Four miles from Dunvegan on the single track road to Glendale is the scattered township of Colbost, looking east over Loch Dunvegan. This part of the Duirinish peninsula is best known for the presence of The Three Chimneys, a restaurant with a worldwide reputation.
Immediately to the south of The Three Chimneys, on a gentle hillside rising up past the road from the shore of the loch, is the Colbost Croft Museum. Established in 1969 by local man Peter MacAskill (who has since also established the Giant Angus MacAskill Museum in Dunvegan), it was intended to give visitors the chance to experience a way of life that was very common on Skye in the 1800s.
It is one of a trio of fascinating museums to be found in the unlikely setting of the northern part of Skye's Duirinish peninsula. The others are Borreraig Park Museum and the Glendale Toy Museum. Together they form a triangle that gives good reason to head west from Dunvegan, even on a driech day.
The focus of the museum is the croft house, of a type reminiscent of a Western Isles blackhouse.
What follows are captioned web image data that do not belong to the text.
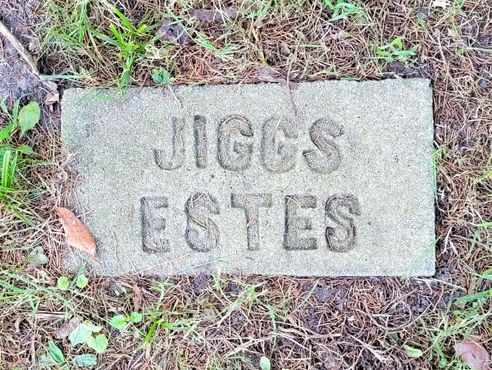 Кладбище домашних животных Клара-Глен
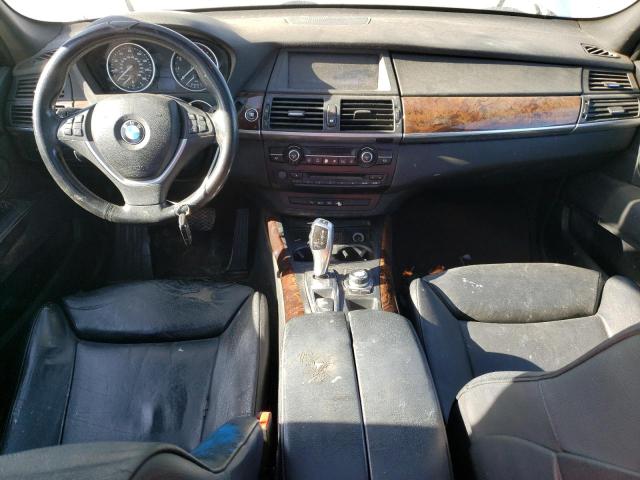 Photo 8 from auction – 2010 BMW X5 XDRIVE3 with VIN 5UXFE4C50AL379526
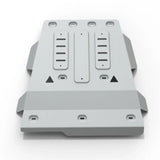 Rival Transmission Bash Plate for VW Amarok 2010-2016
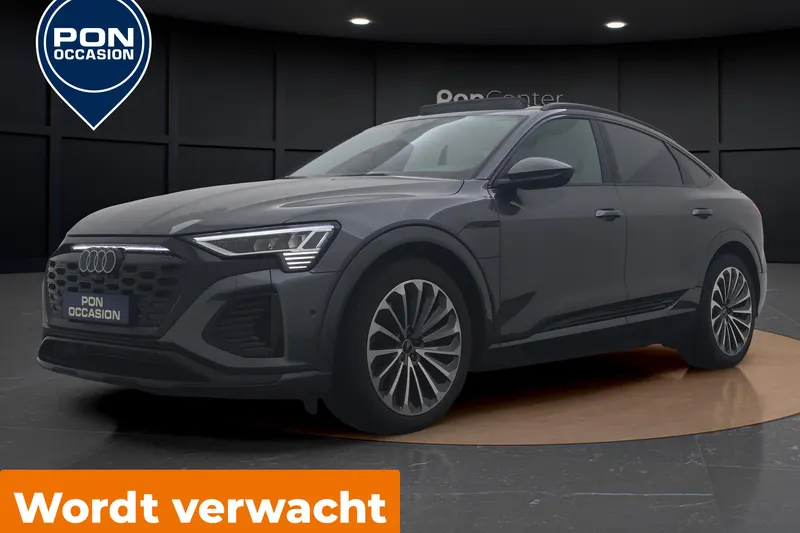 Audi Q8 (2024)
The smoke rising from the central chimney, and possibly curling out from the doorway, gives a clue about one of the defining characteristics of life in this sort of house: the open hearth in the centre of the floor, on which a peat fire was kept burning continuously.
To modern sensibilities, it is difficult to see how people could have lived continually in an atmosphere made dense by peat-smoke. But on the bright side, the smoky atmosphere was said to help keep vermin and other pests at bay. Once experienced, the phrase "peat-reek" takes on a very distinctive meaning that you are unlikely to forget.
The croft house has two main rooms, a kitchen and living room, and a bedroom. The bare earth floor and unadorned dry stone walls leave you in no doubt that this would have been a very basic place to live. Yet you also get the sense that, even in this fairly exposed location, this house would have kept its occupants snug though the worst that a Skye winter could throw at them.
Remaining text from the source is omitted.